MATERIAL FOR THE TASK Block Start

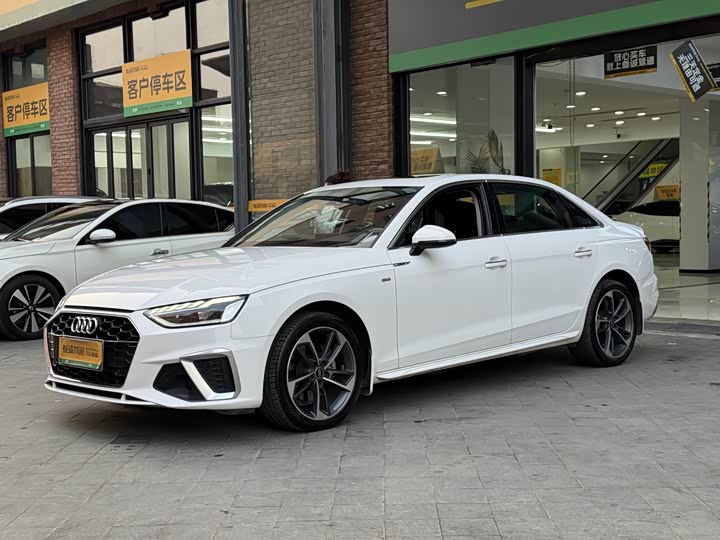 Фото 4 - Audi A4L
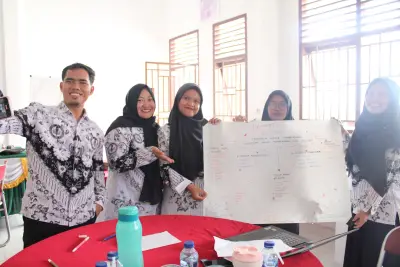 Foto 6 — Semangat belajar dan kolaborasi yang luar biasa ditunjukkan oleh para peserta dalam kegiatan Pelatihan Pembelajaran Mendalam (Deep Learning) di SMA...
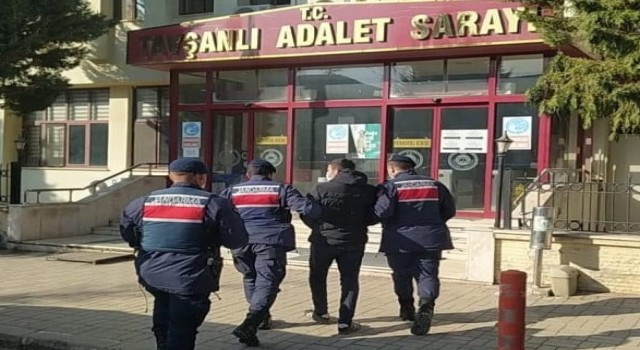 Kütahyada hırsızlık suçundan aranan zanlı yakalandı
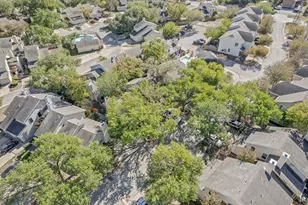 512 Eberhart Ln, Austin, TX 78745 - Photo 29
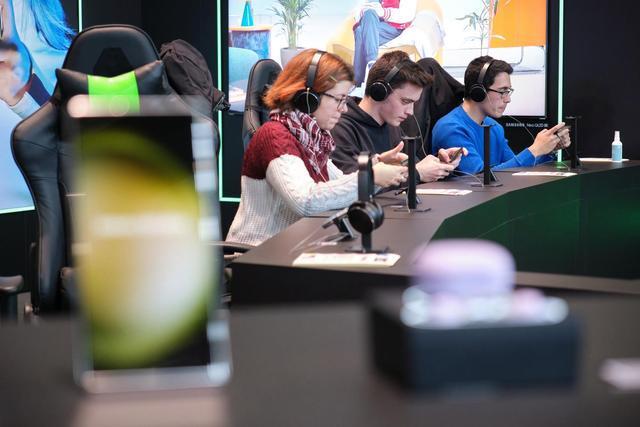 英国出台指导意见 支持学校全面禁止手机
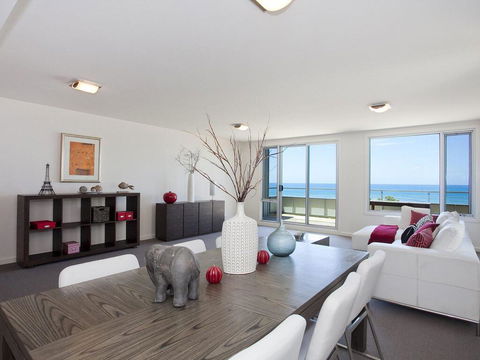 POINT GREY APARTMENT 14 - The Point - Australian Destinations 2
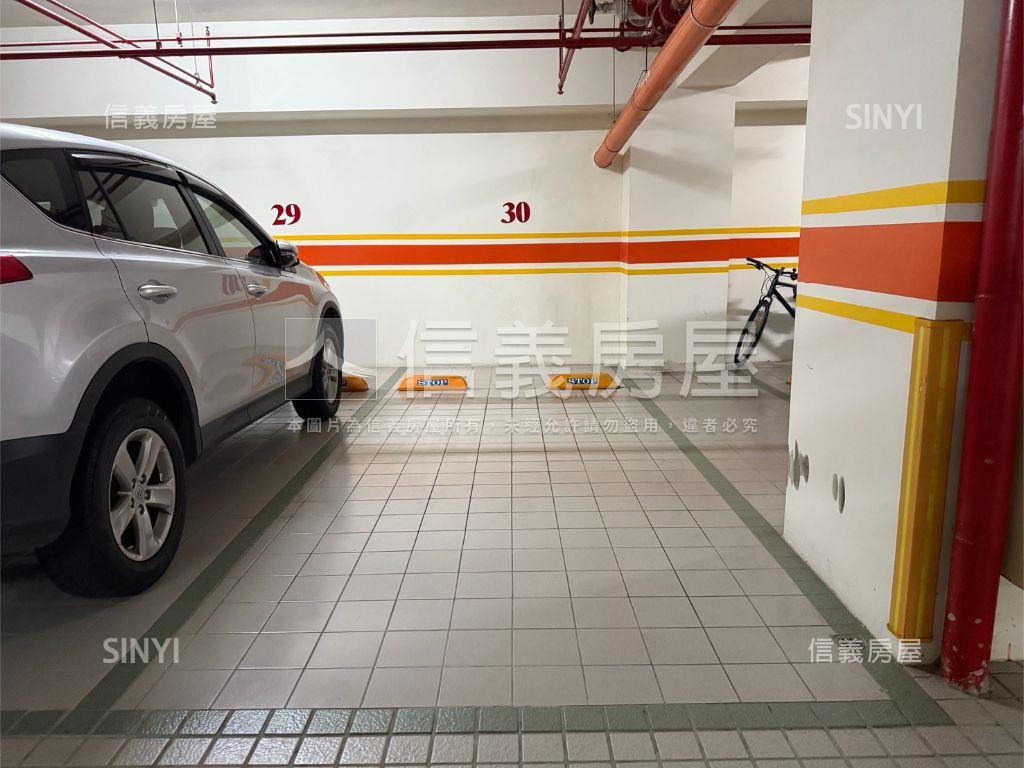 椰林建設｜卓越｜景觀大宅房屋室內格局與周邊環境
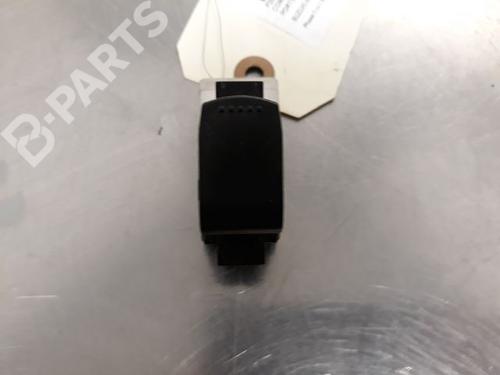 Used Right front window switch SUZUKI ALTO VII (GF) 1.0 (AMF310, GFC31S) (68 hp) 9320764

MATERIAL FOR THE TASK Block End

**PROBLEM TO SOLVE:**
Write the records above out again word for word, skipping each picture.

**FINAL ANSWER:**
 Фото 4 - Audi A4L
 Foto 6 — Semangat belajar dan kolaborasi yang luar biasa ditunjukkan oleh para peserta dalam kegiatan Pelatihan Pembelajaran Mendalam (Deep Learning) di SMA...
 Kütahyada hırsızlık suçundan aranan zanlı yakalandı
 512 Eberhart Ln, Austin, TX 78745 - Photo 29
 英国出台指导意见 支持学校全面禁止手机
 POINT GREY APARTMENT 14 - The Point - Australian Destinations 2
 椰林建設｜卓越｜景觀大宅房屋室內格局與周邊環境
 Used Right front window switch SUZUKI ALTO VII (GF) 1.0 (AMF310, GFC31S) (68 hp) 9320764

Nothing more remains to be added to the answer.